12. И думать надо не о нашем личном проклятии или спасении в мире грядущем, а о наших ближних в мире нынешнем.
13. Вторая причина, по которой мы ненавидим смерть, заключается в том, что она почти всегда приходит слишком скоро. Мы заражены иллюзией, недалеко ушедшей от иллюзии желанности загробной жизни, будто мы были бы счастливее, если бы жили вечно. Животные желания всегда настоятельно требуют продолжения того, что их удовлетворяет. Всего две сотни лет назад человек, достигший сорокалетнего возраста, перешагивал рубеж средней продолжительности жизни, и вполне возможно, еще две сотни лет спустя столетние станут таким же обычным явлением, как ныне семидесятилетние. Но и столетние будут так же молить продлить им жизнь еще и еще.
14. Функция смерти — привносить в жизнь напряжение; и чем больше мы увеличиваем продолжительность и безопасность индивидуального существования, тем больше мы лишаем жизнь ее напряженности. Все, что доставляет нам удовольствие, окрашено легким, но жутковатым привкусом последней трапезы осужденного на казнь, — это как эхо интенсивности чувств поэта, который знает, что дни его сочтены, или молоденького солдата, которому не суждено вернуться из боя.

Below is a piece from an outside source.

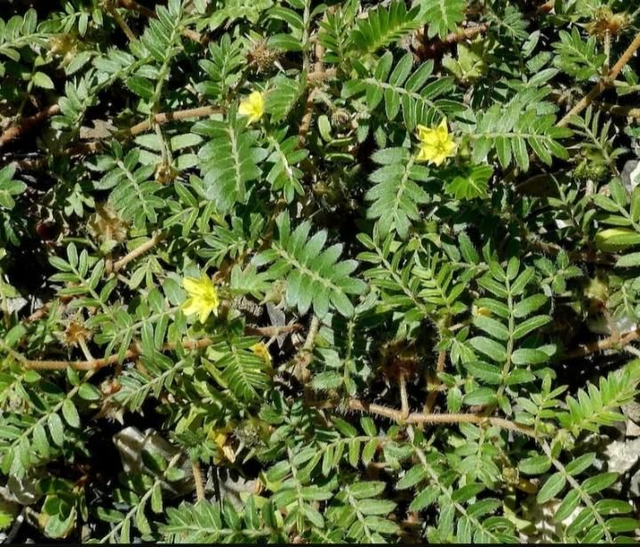 XXL Libido voor mannen 70 caps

15. Каждое переживаемое нами удовольствие означает, что одним удовольствием стало меньше; каждый прожитый день — удар по наковальне календаря. И мы никак не желаем принять того, что радость этого дня и его мимолетность — вещи неразрывные. И если наше существование стоит того, чтобы его продолжать, так это потому, что его «стоимость» и его продолжительность — его качество и протяженность во времени — столь же нерасторжимы, как время и пространство в релятивистской математике.

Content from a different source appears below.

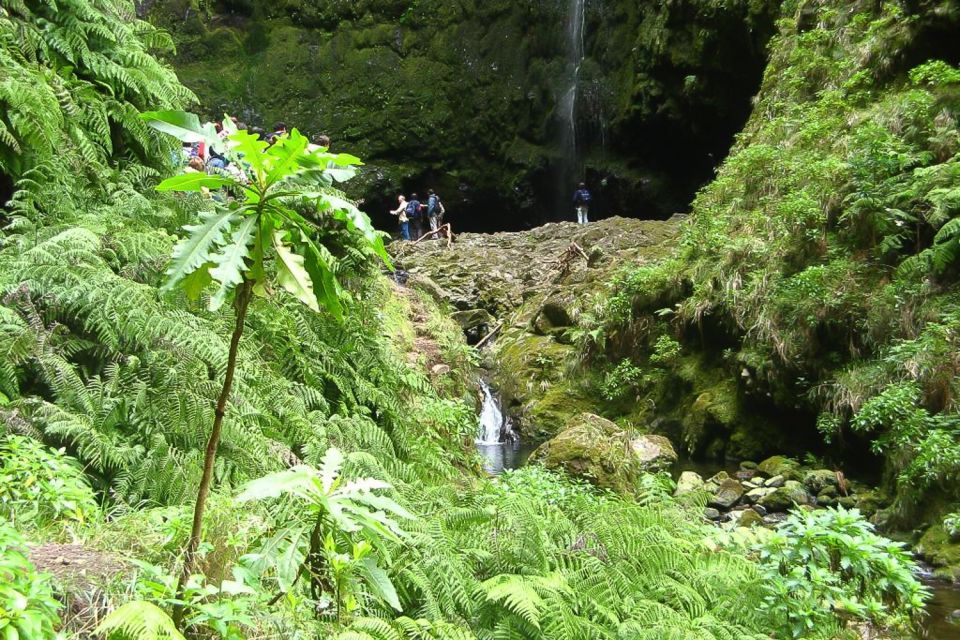 Levada Walk and Caldeirao Verde Waterfalls: Madeira - Important Information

16. Удовольствие есть плод смерти — не избавление от нее.
17. Если бы удалось доказать, что загробная жизнь существует, жизнь была бы непоправимо испорчена. Она потеряла бы всякий смысл; а самоубийство стало бы добродетелью. Единственный возможный рай — тот, в котором я не ведаю о том, что я уже существовал прежде.
18. В XX веке наблюдаются две тенденции; одна, уводящая по ложному пути, представляет собой попытку приручить смерть, притвориться, что смерть — это что-то вроде жизни; другая учит смотреть смерти в лицо. Укротители смерти верят в загробную жизнь; отсюда вся их тщательно разработанная система посмертных ритуалов. В своем отношении к смерти они эвфемистичны: «умереть» для них — «уйти», «отойти в лучший мир». Действительный же процесс смерти и распада у них под запретом. Люди такого сорта по своему ментальному устройству сродни древним египтянам.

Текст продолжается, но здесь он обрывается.